Segment Start: Given data

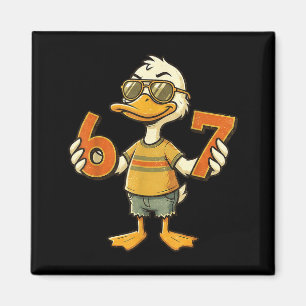 Imã 67 Meme Pato Fofo 6 7 Divertido Seis Sete 6-7 Gera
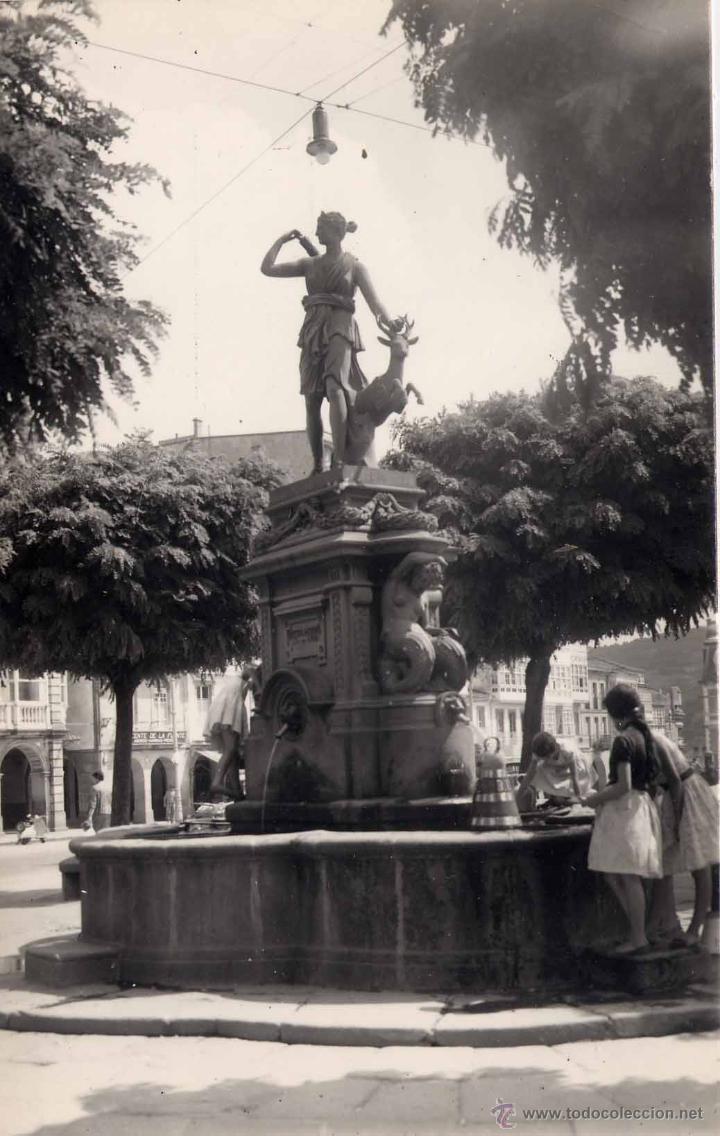 Postkarten: BETANZOS (CORU&Ntilde;A).- PUENTE DE DIANA EN LA PLAZA GARC&Iacute;A HERMANOS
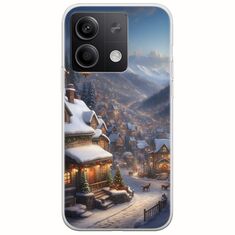Cozy Christmas Village Xiaomi Poco X6 5G Flexible TPU (Διάφανη Σιλικόνη)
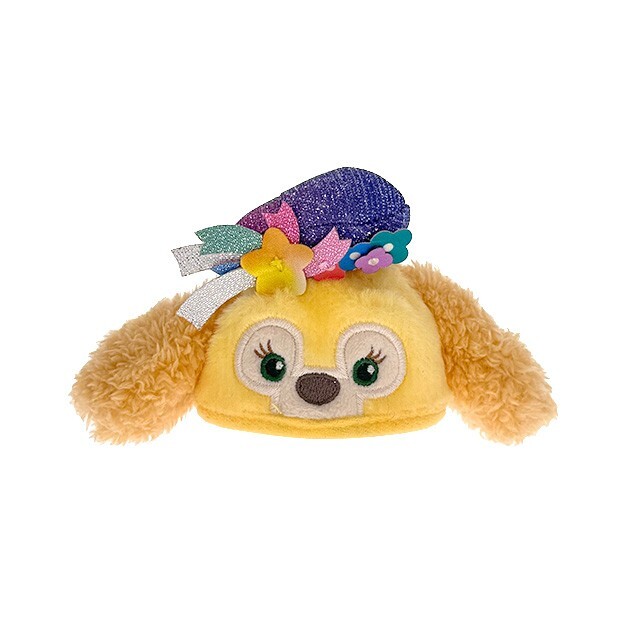 20周年 SouvenEAR 達菲Duffy與好友 可琦安 餅乾 CookieAnn 迷你派對帽 造型 鑰匙圈 吊飾 -香港迪士尼樂園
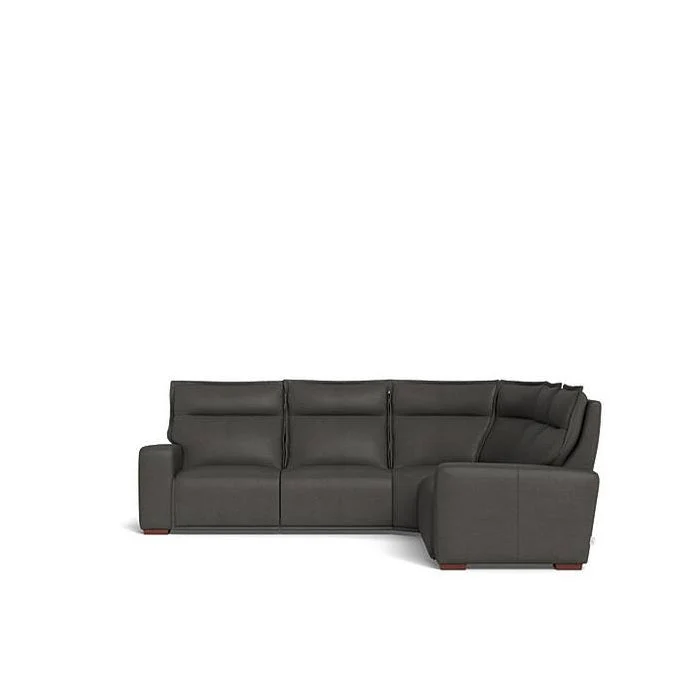 La-Z-Boy Hartford 5pce Motion Modular - Leather - Image 20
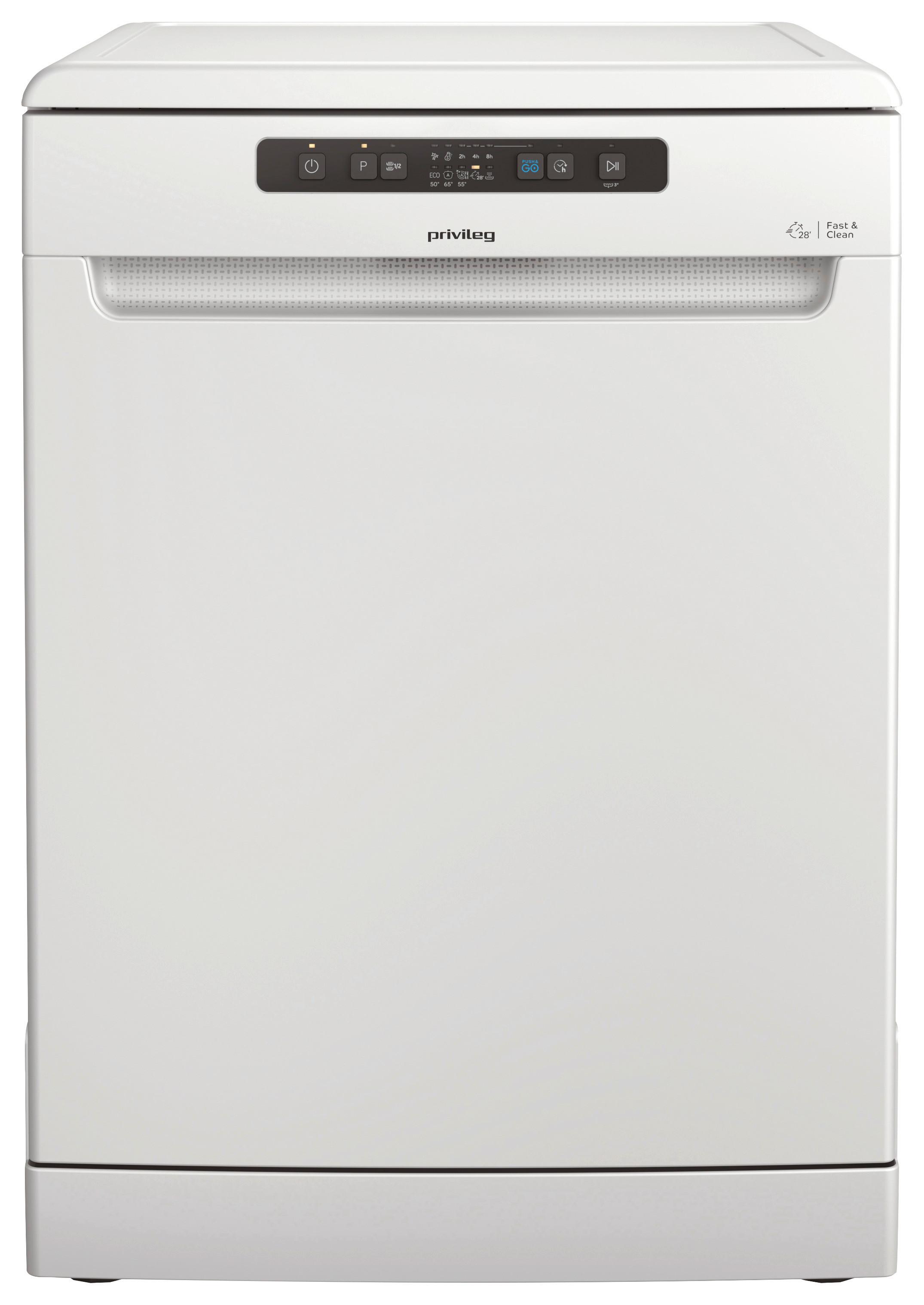 Geschirrspüler P2f Hd624 A - Weiß, Basics, Kunststoff/Metall (60/85/59cm) - Privileg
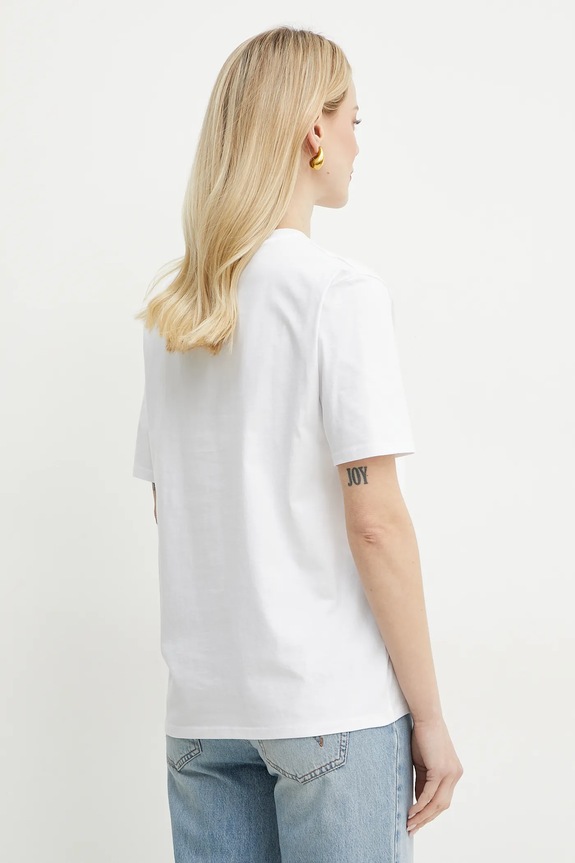 Ρούχα Βαμβακερό μπλουζάκι Patrizia Pepe 2M4464.J297 λευκό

Segment End: Given data

Your reply should give again exactly the lines from the one with "Geschirrspüler P2f Hd624" through the last line of the data, with both ends included and pictures left out.

- Response below -
 Geschirrspüler P2f Hd624 A - Weiß, Basics, Kunststoff/Metall (60/85/59cm) - Privileg
 Ρούχα Βαμβακερό μπλουζάκι Patrizia Pepe 2M4464.J297 λευκό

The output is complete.